Accident Advice Helpline
- Type: Private company
- Industry: Personal injury
- Founded: June 1, 2000 in the West End of London
- Founders: Lawrence Beck and Darren Werth
- Defunct: 2013
- Fate: Acquired after legislative changes
- Successor: Quindell plc (later Watchstone plc)
- Headquarters: Watford, Hertfordshire, United Kingdom
- Area served: United Kingdom
- Products: Personal injury legal claims
- Services: No win no fee personal injury claims
- Number of employees: 150 (2004)
- Website: accidentadvicehelpline.co.uk

= Accident Advice Helpline =

British personal injury firm

Accident Advice Helpline (AAH) was a British a personal injury law firm and former claims management company located in Watford, Hertfordshire.

They specialised in helping people claim injury compensation under the terms of the conditional fee agreement, colloquially known as no win no fee in the UK. The company was sold to Quindell plc in 2013 after regulatory changes again made referral fees illegal.

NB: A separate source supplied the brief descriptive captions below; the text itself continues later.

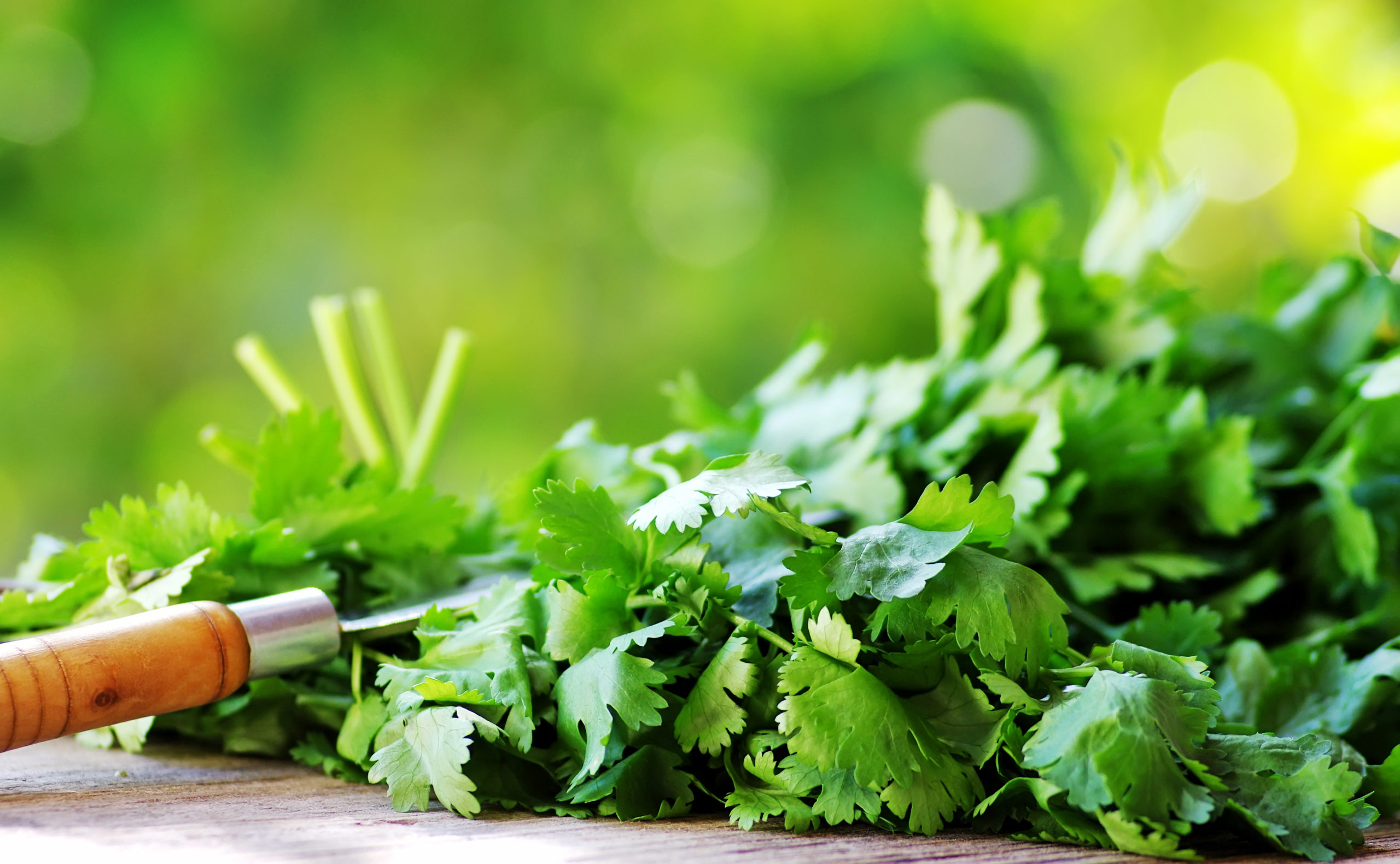 Coriander/Cilantro herbs and knife.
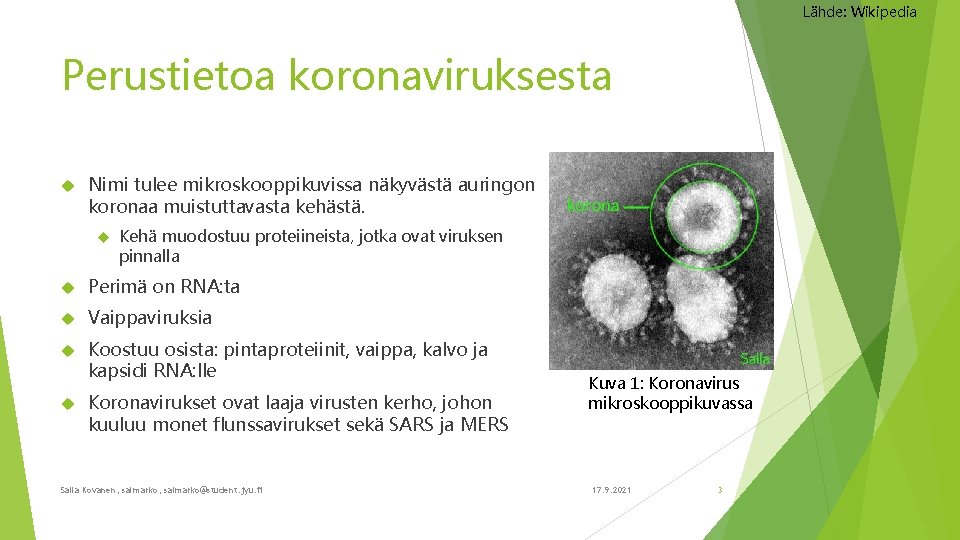 Lähde: Wikipedia Perustietoa koronaviruksesta Nimi tulee mikroskooppikuvissa näkyvästä auringon koronaa muistuttavasta kehästä. Kehä muodostuu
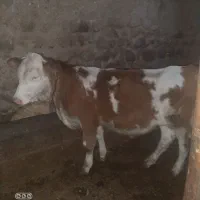 گوساله نر داشتی اصل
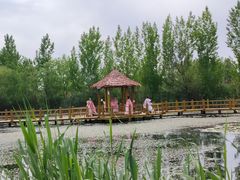 -白洋淀景区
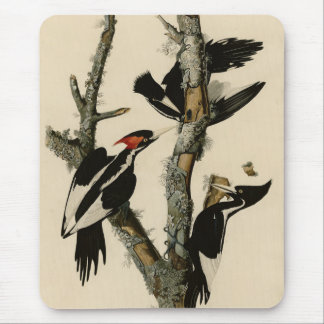Ivory-billed Woodpecker Audubon's Birds of America Mouse Pad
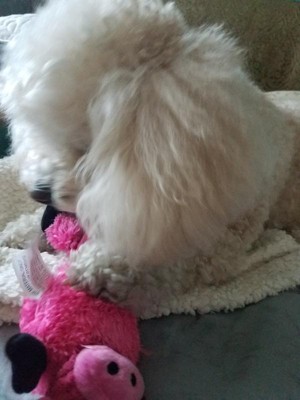 Guest review image 4 of 4, zoom in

Its web site was closed down in 2020.

==History==
The company was founded on 1 June 2000 by Lawrence Beck and Darren Werth as a claims management company (CMC) and was originally based in the West End of London, before moving to Golders Green.

The company started out offering accident management services for people involved in non-fault road traffic accidents. This involved arranging hire cars and crash repairs to victims of road traffic accidents and referring them to solicitors to pursue compensation for injuries sustained. The company then became more focused on offering services to victims of all types of personal injuries, including accidents at work and injuries sustained whilst in public places. By 2004 it had a staff of over 150 people.

CMCs gained prominence after legal aid was abolished for "most personal injury claims" in 2000. They acted as middle men between claimants and solicitors, advertising heavily to attract victims, and charging solicitors fees for investigative work done during the referral process. In 2004 courts found that some CMC fees were actually illegal referral fees, and CMCs began facing regulatory scrutiny and competition from solicitors groups. AAH founder Lawrence Beck defended the industry claiming the lawyers charged exorbitant fees, did not have the skill set required for advertising/marketing, and were rarely available to small claims clients after business hours.

From 2000 to 2004 there was a rise in false claims across the industry, and many CMCs were derided as ambulance chasers.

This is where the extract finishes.